California is greenlighting oil wells linked to groundwater pollution

The North Belridge Oil Field. Photo: Sarah Craig/Faces of Fracking.

The impact of underground injection wells on aquifers is not well understood, but the state continues to allow their proliferation.

By Aaron Cantu, Capital & Main

This story is produced by the award-winning nonprofit Capital & Main and co-published here with permission.

Throughout 2020 and early 2021, California issued more than 300 permits to oil and gas companies for new underground injection wells — an intensive form of oil production and wastewater disposal.

But the actual number of new injection wells is likely higher, owing to the state’s opaque approval process that has drawn scrutiny from auditors and environmentalists. Some of these undercounted wells may be polluting groundwater used for public drinking and agricultural purposes, according to regulatory filings reviewed by Capital & Main.

The impact of injection wells on groundwater in California is understudied, regulators say. The California Geologic Energy Management Division (CalGEM), which issues the permits and regulates the industry, is currently the subject of a lawsuit alleging the division issued permits for wells without required environmental reviews.

Environmentalists say it’s another contradiction in the state’s energy policy, which seeks to position California as a leader in reducing greenhouse gas emissions while at the same time issuing hundreds of permits for injection wells — an energy-intensive and pollution-heavy form of hydrocarbon production — and prolonging society’s dependence on fossil fuels.
 

USGS and State Water Board studying groundwater impacts

Following a 2013 law, state and local water regulators have worked with the United States Geological Survey (USGS) to assemble criteria for monitoring groundwater in the vicinity of oil and gas wells.
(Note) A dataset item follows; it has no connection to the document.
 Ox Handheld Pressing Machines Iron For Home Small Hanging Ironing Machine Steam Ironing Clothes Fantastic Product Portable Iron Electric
At least two assessments, one in Ventura County and another in Kern County, showed petroleum-related gases or fluids migrating into important aquifers.

In statements to Capital & Main, the oil and gas industry claimed that these assessments had not proven that injection wells negatively impacted public water supplies. Yet the full story is more complicated: The state’s nine regional water boards, which are overseen by the State Water Resources Control Board, have only recently begun looking at the issue, and in some cases oil companies have resisted regulatory actions or framed inconclusive findings as a victory.

Most of the injection well permits issued by CalGEM were for oil production through cyclic steam, waterflooding or steamflooding, all of which involve pushing pressurized water into a layer of diatomite — a fossilized slice of earth containing hardened oil — and allowing the water to loosen the oil until it can be pumped out. Injection wells can be as deep as 5,000 feet and account for 60% of all produced oil in California, where much of the remaining supply is difficult to access by more conventional means.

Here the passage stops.